__THE PROBLEM__. Transcribe the listing word for word, beginning at its first line and ending at the line containing "Wireless / airtist"; omit the pictures.

=== Begin Enclosure ===

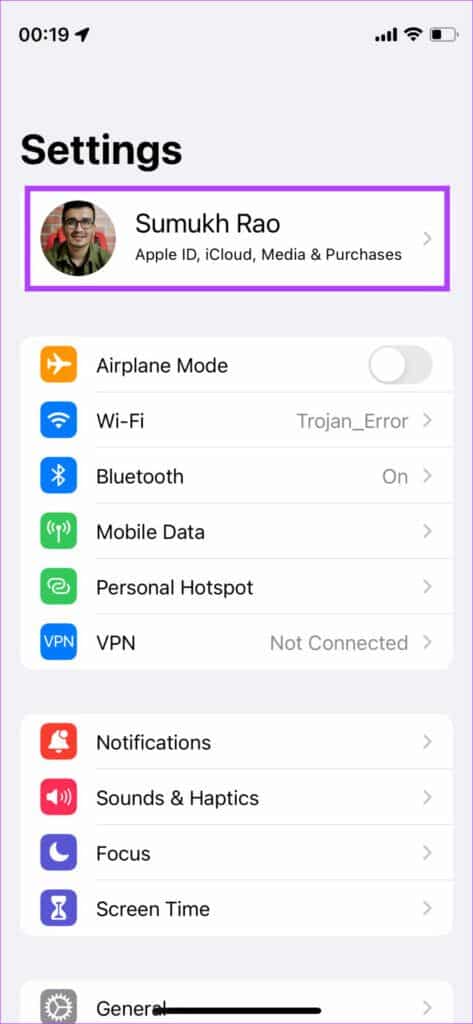 merge-contacts-10-473x1024-1-473x1024 كيفية دمج جهات الاتصال المكررة على iPhone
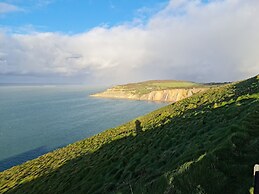 Parterre Holiday Apartments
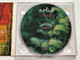 Wireless / airtist - Biodynamic Trance Project / Natural Vibes On, Doromb (Jew's Harp), Human Beatbox, Didgeridoo / Airtist Audio CD 2008 / AR1208-CD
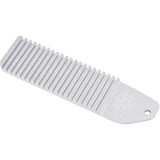 Dissipateur thermique Silverstone tp06 (argent, pour playstation 5)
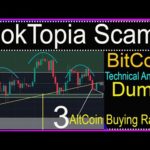 img_95376_bitcoin-price-prediction-3-altcoins-price-prediction-is-bloktopia-scam.jpg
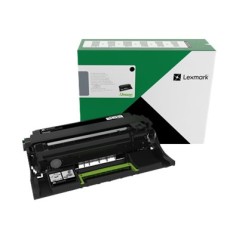 MS/X63 Rtn 75K IU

=== End Enclosure ===

__ANSWER AREA__.
 merge-contacts-10-473x1024-1-473x1024 كيفية دمج جهات الاتصال المكررة على iPhone
 Parterre Holiday Apartments
 Wireless / airtist - Biodynamic Trance Project / Natural Vibes On, Doromb (Jew's Harp), Human Beatbox, Didgeridoo / Airtist Audio CD 2008 / AR1208-CD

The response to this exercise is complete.